I'm trying to understand the traffic volumes incoming per each IIS node. There are dozens of services running on these, so instead of looking at the throughput one by one per each service, I'm trying to get a higher level view from the process level. There's a clear correlation between the metrics for process traffic and web server traffic - even though the latter is only one tenth of the former. But then looking at the TCP requests for the process, it seems to only calculate some requests into that category. For example before 10 and after 10:30, it actually drops to zero - which is exactly the opposite of what the first 2 metrics are reporting. Does anyone make any sense of this data?
Are the 3 graphs from the same tile? In the traffic part of a IIS process, I can't see the Requests graph that you show above...
Nope, they're not all from the same tile. The first and last pics are from the Network section of the IIS process. The middle one is found by activating the main process infographic and then selecting the "Web server" tab. Here's an example from the demo environment:
It seems there were TCP connection refused/timeout. Can you check the connectivyt tab for the verification?
There have been no TCP connections refused or timeouts. That was the first thing I checked 🙂 FYI, this is a quite important, widely used production app so even a small amount of connection errors like that would be a major incident. Nothing like that happening here.
I'm starting to think that the TCP requests metric is just not correctly measured for this "node 1" - node 2 is ok. Here's a comparison over the past 7 days (you can see less usage over the weekend):
Node 1 - for "TCP requests", it's as if some days are entirely missed, the data is not gathered:
Node 2 - the graphs look identical:
So I guess the solution is that I should just use the web server metrics to analyze this, and ignore "TCP requests" metrics for node 1, because that measurement is somehow broken..?

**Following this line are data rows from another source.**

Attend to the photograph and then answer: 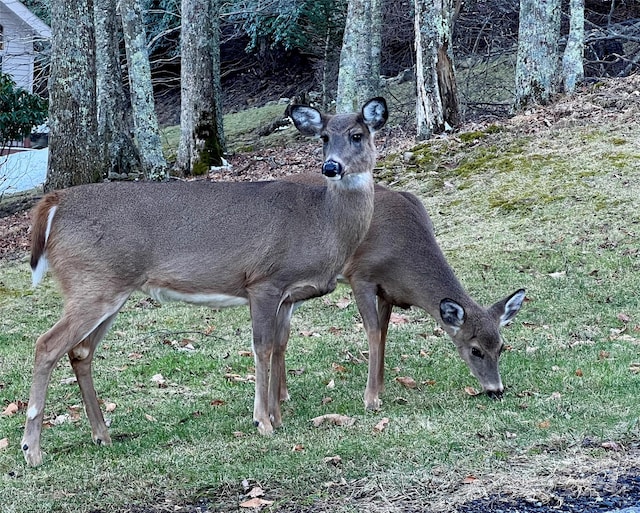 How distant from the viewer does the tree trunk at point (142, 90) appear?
17359mm

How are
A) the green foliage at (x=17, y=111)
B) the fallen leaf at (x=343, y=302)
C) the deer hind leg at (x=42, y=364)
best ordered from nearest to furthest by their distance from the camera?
the deer hind leg at (x=42, y=364) → the fallen leaf at (x=343, y=302) → the green foliage at (x=17, y=111)

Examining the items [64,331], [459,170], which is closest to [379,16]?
[459,170]

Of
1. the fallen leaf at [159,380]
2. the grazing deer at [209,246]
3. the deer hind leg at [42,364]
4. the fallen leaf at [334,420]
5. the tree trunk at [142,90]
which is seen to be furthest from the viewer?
the tree trunk at [142,90]

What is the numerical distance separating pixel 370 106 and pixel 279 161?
13.1 m

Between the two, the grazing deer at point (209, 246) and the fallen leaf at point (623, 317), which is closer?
the grazing deer at point (209, 246)

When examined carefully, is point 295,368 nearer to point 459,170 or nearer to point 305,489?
point 305,489

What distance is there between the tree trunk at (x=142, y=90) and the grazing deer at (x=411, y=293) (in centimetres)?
1058

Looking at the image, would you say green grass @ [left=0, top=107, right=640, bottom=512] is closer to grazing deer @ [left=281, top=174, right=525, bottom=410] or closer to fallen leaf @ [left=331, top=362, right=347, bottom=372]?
fallen leaf @ [left=331, top=362, right=347, bottom=372]

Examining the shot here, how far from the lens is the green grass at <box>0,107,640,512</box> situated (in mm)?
5465

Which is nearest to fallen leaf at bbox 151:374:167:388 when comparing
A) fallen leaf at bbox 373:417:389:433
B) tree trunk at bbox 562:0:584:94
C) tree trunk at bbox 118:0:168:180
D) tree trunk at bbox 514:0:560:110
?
fallen leaf at bbox 373:417:389:433

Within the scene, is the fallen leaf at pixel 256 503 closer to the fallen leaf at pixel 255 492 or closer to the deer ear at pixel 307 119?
the fallen leaf at pixel 255 492

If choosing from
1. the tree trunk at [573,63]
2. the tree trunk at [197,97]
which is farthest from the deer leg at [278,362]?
the tree trunk at [197,97]

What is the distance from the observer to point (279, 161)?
19.9 m

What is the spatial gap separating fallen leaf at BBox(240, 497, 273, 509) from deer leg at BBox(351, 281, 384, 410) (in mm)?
2037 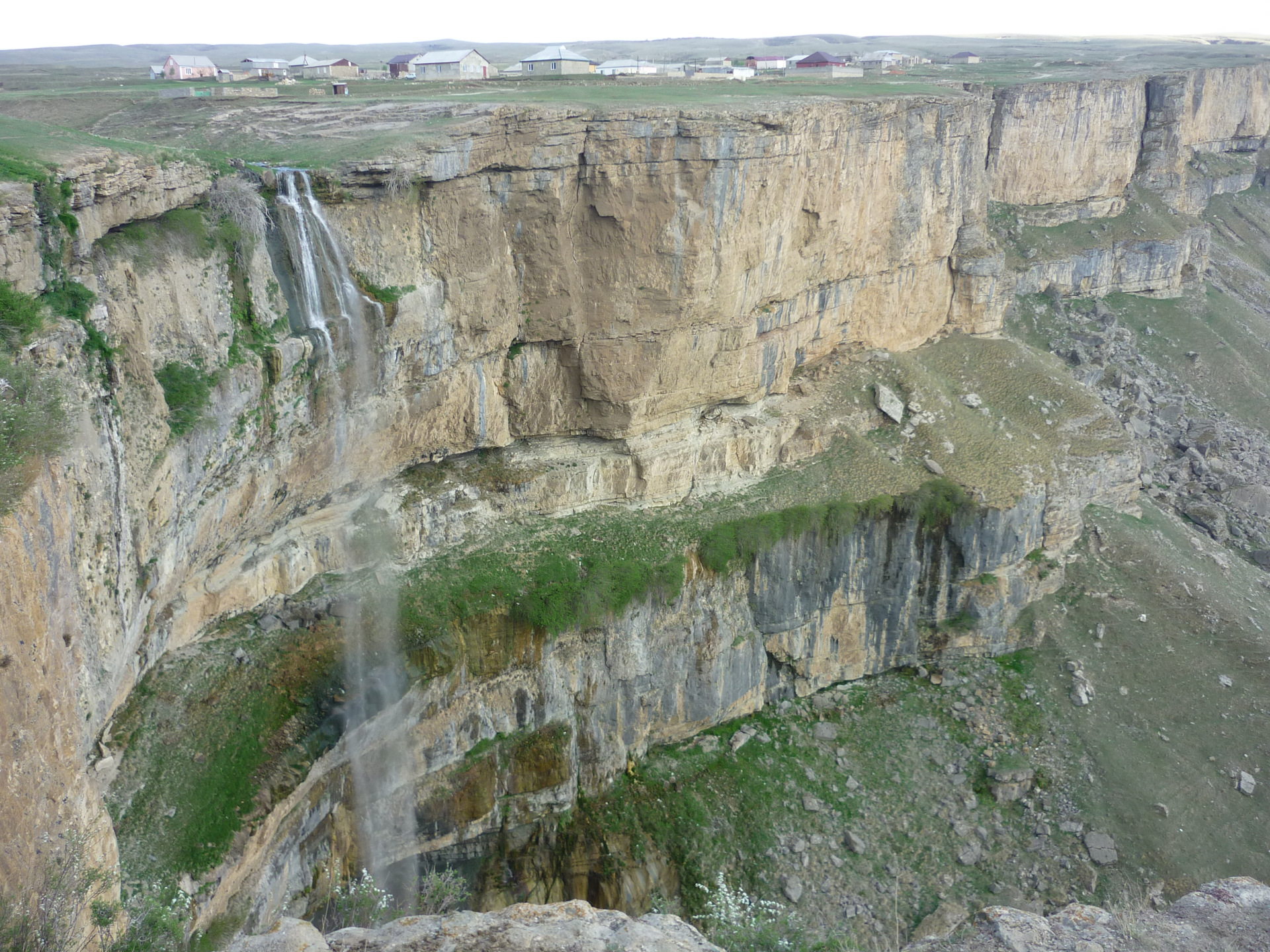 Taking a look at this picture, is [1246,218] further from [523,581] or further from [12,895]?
[12,895]

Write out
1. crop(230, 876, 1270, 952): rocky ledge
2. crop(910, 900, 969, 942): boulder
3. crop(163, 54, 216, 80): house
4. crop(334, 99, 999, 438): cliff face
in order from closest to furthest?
1. crop(230, 876, 1270, 952): rocky ledge
2. crop(910, 900, 969, 942): boulder
3. crop(334, 99, 999, 438): cliff face
4. crop(163, 54, 216, 80): house

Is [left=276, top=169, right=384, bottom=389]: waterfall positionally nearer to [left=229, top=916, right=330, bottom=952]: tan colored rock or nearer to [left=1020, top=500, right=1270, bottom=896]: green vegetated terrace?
[left=229, top=916, right=330, bottom=952]: tan colored rock

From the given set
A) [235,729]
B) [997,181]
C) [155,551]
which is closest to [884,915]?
[235,729]

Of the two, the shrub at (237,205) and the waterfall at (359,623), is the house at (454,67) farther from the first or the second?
the shrub at (237,205)

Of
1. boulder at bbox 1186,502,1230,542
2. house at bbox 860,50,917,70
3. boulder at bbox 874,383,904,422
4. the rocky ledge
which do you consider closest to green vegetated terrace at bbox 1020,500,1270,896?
boulder at bbox 1186,502,1230,542

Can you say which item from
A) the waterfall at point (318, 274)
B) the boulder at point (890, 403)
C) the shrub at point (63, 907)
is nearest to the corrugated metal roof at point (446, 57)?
the waterfall at point (318, 274)

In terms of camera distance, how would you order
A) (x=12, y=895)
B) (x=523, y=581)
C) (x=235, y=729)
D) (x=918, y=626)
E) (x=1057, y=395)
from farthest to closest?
(x=1057, y=395)
(x=918, y=626)
(x=523, y=581)
(x=235, y=729)
(x=12, y=895)

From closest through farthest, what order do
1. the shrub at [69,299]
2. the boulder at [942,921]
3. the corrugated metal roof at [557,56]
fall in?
the shrub at [69,299], the boulder at [942,921], the corrugated metal roof at [557,56] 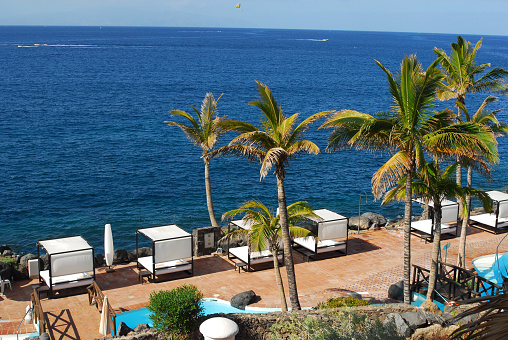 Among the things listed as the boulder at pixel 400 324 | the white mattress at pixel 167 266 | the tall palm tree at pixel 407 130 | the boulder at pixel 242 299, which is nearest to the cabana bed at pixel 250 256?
the white mattress at pixel 167 266

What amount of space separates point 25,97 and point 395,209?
58.6 m

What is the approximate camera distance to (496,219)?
79.3 feet

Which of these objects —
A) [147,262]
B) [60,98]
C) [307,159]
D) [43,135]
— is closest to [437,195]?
[147,262]

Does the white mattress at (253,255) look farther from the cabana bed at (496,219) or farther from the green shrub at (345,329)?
A: the cabana bed at (496,219)

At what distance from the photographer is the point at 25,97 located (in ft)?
244

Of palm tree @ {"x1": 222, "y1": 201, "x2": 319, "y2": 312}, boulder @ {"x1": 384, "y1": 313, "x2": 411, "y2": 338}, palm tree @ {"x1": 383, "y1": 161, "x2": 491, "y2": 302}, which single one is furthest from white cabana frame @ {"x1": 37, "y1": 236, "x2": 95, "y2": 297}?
boulder @ {"x1": 384, "y1": 313, "x2": 411, "y2": 338}

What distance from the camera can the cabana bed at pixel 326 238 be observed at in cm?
2105

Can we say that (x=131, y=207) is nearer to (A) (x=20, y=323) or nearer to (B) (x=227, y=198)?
(B) (x=227, y=198)

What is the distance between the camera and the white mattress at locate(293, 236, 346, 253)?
68.9 ft

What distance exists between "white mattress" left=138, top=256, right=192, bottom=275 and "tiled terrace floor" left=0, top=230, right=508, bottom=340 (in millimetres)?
366

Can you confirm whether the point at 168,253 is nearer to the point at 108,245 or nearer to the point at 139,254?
the point at 108,245

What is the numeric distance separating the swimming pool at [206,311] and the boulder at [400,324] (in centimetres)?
472

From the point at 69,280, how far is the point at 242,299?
596cm

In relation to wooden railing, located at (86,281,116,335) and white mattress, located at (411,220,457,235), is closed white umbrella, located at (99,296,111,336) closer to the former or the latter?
wooden railing, located at (86,281,116,335) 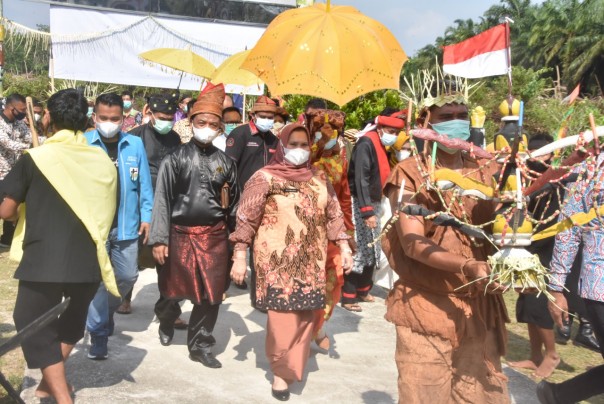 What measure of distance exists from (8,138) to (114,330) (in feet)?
14.5

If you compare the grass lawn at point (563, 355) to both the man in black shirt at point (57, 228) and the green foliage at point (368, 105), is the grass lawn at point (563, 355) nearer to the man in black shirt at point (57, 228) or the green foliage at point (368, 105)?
the man in black shirt at point (57, 228)

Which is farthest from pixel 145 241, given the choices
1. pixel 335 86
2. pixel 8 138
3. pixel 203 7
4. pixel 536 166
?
pixel 203 7

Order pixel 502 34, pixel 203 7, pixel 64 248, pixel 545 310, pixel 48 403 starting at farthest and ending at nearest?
pixel 203 7
pixel 545 310
pixel 48 403
pixel 64 248
pixel 502 34

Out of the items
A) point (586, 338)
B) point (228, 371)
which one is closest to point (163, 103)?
point (228, 371)

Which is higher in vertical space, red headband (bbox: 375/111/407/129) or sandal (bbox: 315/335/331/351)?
red headband (bbox: 375/111/407/129)

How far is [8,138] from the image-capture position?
9414 mm

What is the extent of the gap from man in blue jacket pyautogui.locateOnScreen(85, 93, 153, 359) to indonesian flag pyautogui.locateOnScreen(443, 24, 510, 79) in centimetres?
297

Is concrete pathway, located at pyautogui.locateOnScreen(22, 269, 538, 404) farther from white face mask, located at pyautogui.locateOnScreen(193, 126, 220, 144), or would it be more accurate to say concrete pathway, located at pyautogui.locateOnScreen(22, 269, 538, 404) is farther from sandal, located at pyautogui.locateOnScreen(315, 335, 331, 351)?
white face mask, located at pyautogui.locateOnScreen(193, 126, 220, 144)

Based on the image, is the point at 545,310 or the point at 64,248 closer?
the point at 64,248

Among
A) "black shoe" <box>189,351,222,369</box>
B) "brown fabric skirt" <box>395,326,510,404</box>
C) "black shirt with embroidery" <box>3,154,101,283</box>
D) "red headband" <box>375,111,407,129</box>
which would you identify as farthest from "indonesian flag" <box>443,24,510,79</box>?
"red headband" <box>375,111,407,129</box>

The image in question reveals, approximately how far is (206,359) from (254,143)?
8.55 feet

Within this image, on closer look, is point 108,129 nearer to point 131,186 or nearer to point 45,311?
point 131,186

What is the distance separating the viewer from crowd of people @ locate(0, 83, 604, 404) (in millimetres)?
3445

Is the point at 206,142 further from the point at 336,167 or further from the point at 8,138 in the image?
the point at 8,138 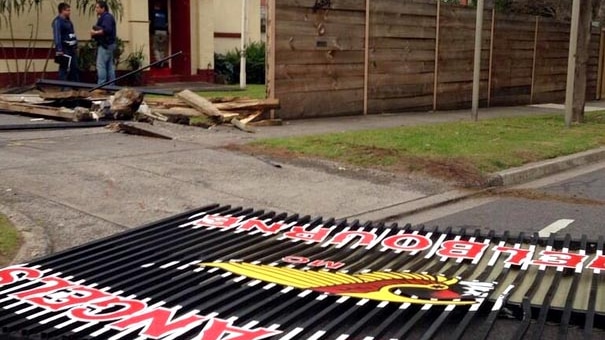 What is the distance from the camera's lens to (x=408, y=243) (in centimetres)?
564

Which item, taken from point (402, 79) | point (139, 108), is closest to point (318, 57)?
point (402, 79)

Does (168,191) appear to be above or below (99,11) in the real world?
below

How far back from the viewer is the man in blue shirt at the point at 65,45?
1510 centimetres

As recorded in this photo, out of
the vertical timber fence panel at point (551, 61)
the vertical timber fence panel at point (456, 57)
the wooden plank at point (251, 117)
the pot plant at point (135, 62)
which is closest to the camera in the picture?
the wooden plank at point (251, 117)

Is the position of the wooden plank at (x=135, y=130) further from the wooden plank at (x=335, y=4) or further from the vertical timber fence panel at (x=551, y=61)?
the vertical timber fence panel at (x=551, y=61)

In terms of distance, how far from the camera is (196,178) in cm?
820

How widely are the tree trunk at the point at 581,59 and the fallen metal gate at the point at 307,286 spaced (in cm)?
1045

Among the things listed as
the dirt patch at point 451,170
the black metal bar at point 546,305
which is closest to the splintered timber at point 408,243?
the black metal bar at point 546,305

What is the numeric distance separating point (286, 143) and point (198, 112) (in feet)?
8.22

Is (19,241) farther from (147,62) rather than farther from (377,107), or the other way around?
(147,62)

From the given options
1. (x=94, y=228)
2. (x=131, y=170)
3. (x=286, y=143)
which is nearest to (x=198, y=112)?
(x=286, y=143)

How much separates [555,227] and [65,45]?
1145 centimetres

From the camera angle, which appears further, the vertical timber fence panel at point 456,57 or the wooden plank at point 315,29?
the vertical timber fence panel at point 456,57

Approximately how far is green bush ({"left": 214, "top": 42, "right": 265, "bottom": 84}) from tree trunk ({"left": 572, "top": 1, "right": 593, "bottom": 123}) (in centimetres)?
960
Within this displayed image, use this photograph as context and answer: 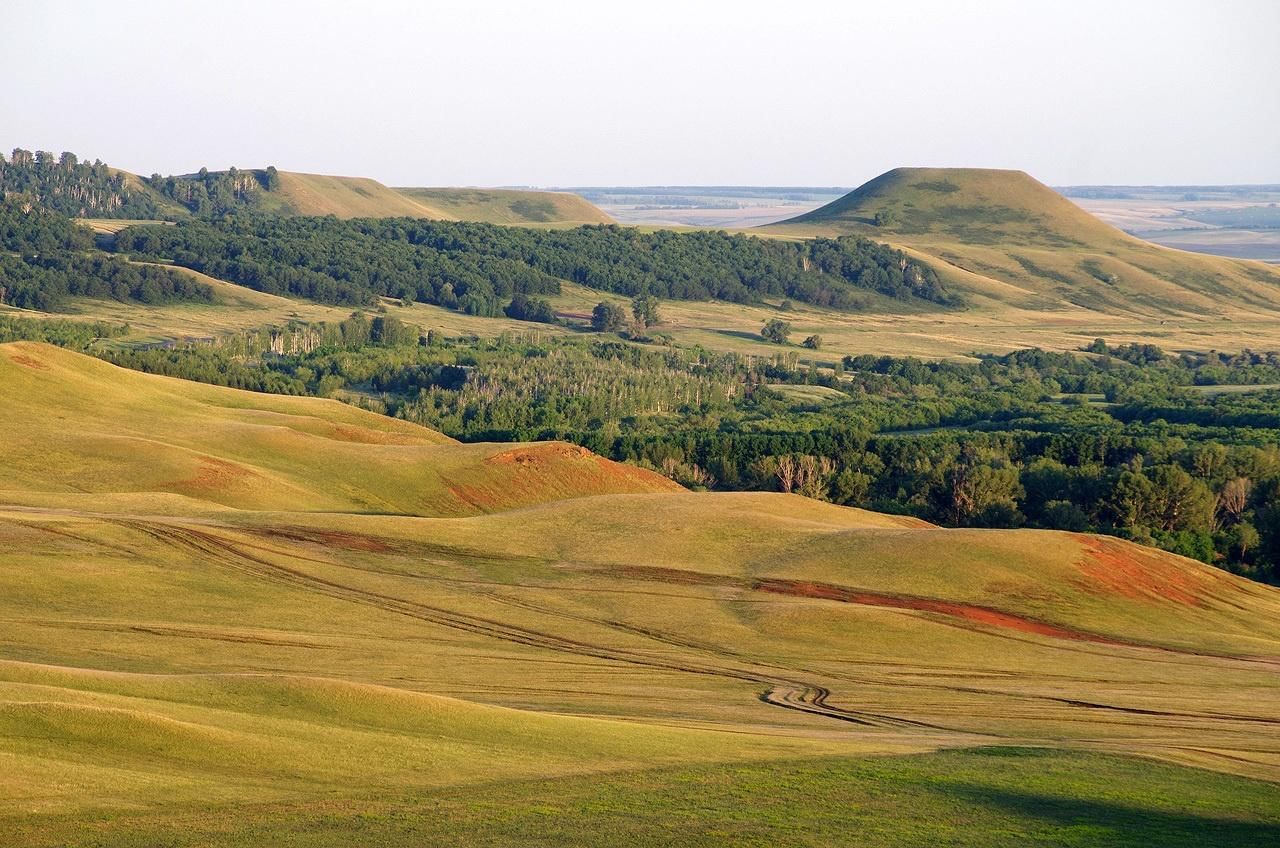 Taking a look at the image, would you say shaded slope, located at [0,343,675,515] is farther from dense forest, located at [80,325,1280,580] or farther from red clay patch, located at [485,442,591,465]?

You are right. If the agent/webserver versions are the same then the douting on measurement may not help us out to understand this behavior.
How were the active threads behaving on both webservers?
Web server -> Active threads
.NET metrics -> Thread pool
show similar behavior on both nodes. Looks like there's just trouble collecting that TCP Requests data. I guess the way that is collected is different compared to the .NET and Web server metrics, because "TCP requests" is a sort of basic metric that's available for all process types, even of type "Other".